■ Exercise brief ■
Could you set down only the lines from the one including "NOS Campagnolo Pista/bahnrad" to the end of the records below, inclusive and exact, leaving pictures out?

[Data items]

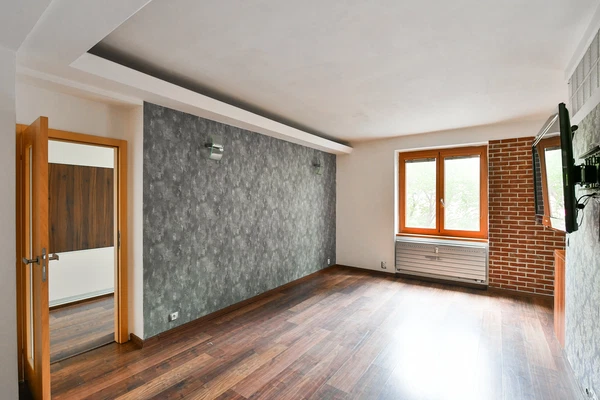 Donatellova, Strašnice - Prague 10 | Rent, Apartment, Two-bedroom (3+kk), 85 m²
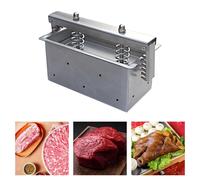 Strumento per pressare la carne, strumento per formare rotoli di manzo, per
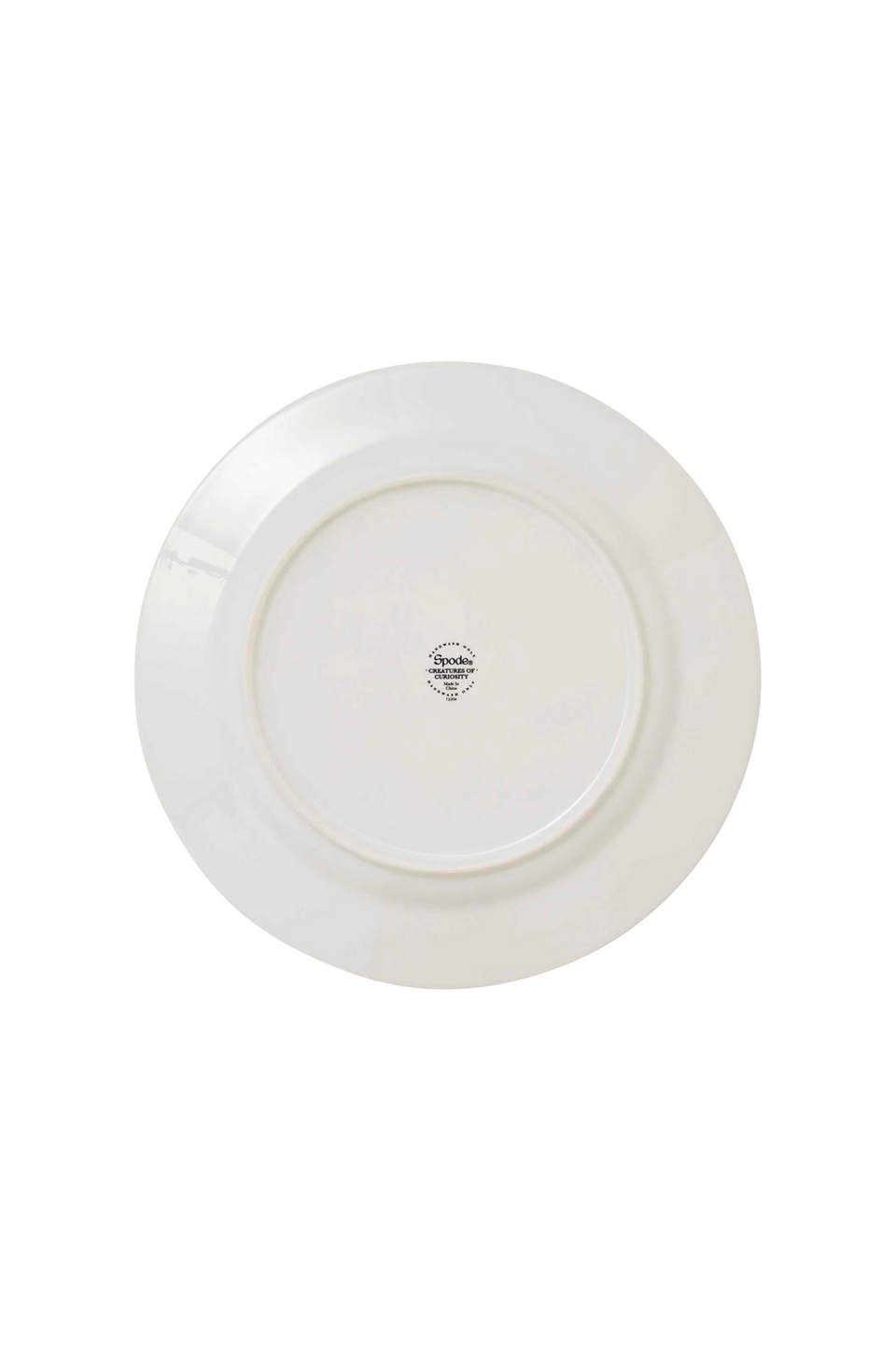 Spode Serveringsfat Creatures of Curiosity Ø 31 cm, flerfärgad från Spode, bild 5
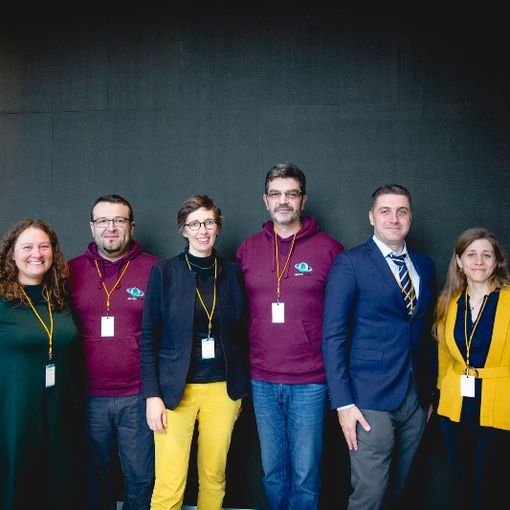 Archeologistics vince il premio “Get It!” con il progetto Valori Verdi dedicato alla Valle Olona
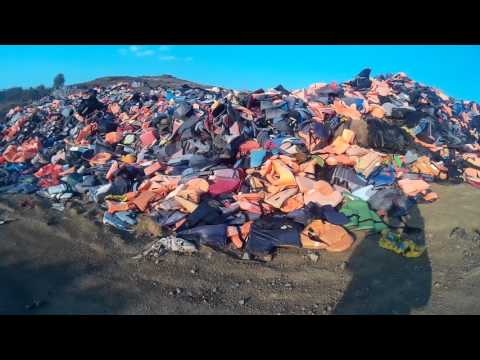 Hellas Lifuards Save & Rescue Volunteer Team- Promotion Video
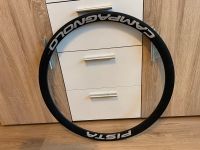 NOS Campagnolo Pista/bahnrad Felge 24L Tubular Düsseldorf - Oberbilk Vorschau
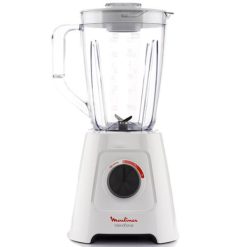 Robot Mixeur Moulinex Blendforce LM207041, 500W, 1 Bol, 2L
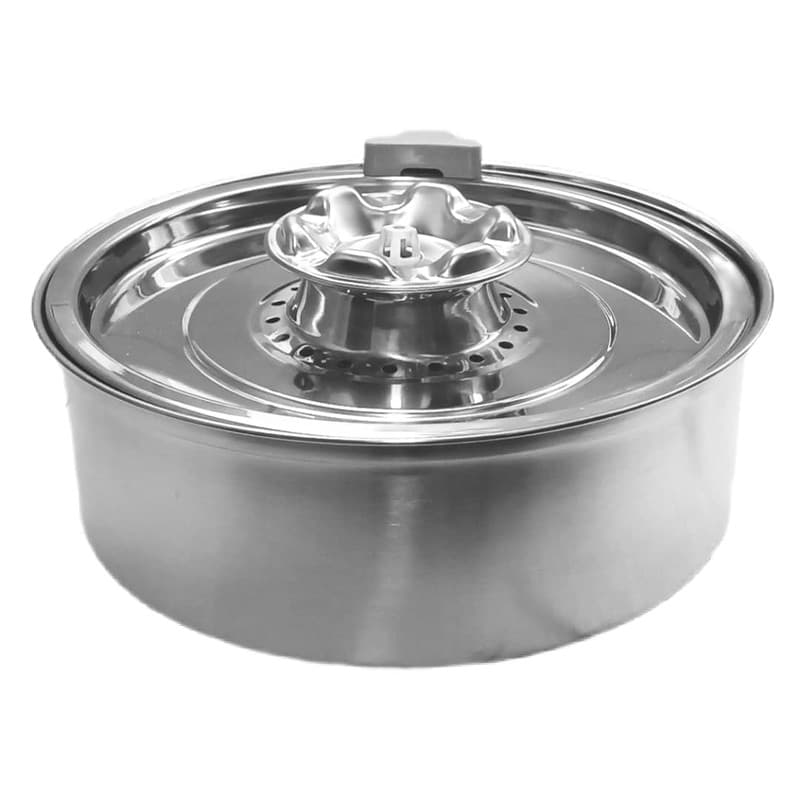 آبخوری گربه و سگ مدل اتوماتیک کد SS-304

■ Written answer ■
 NOS Campagnolo Pista/bahnrad Felge 24L Tubular Düsseldorf - Oberbilk Vorschau
 Robot Mixeur Moulinex Blendforce LM207041, 500W, 1 Bol, 2L
 آبخوری گربه و سگ مدل اتوماتیک کد SS-304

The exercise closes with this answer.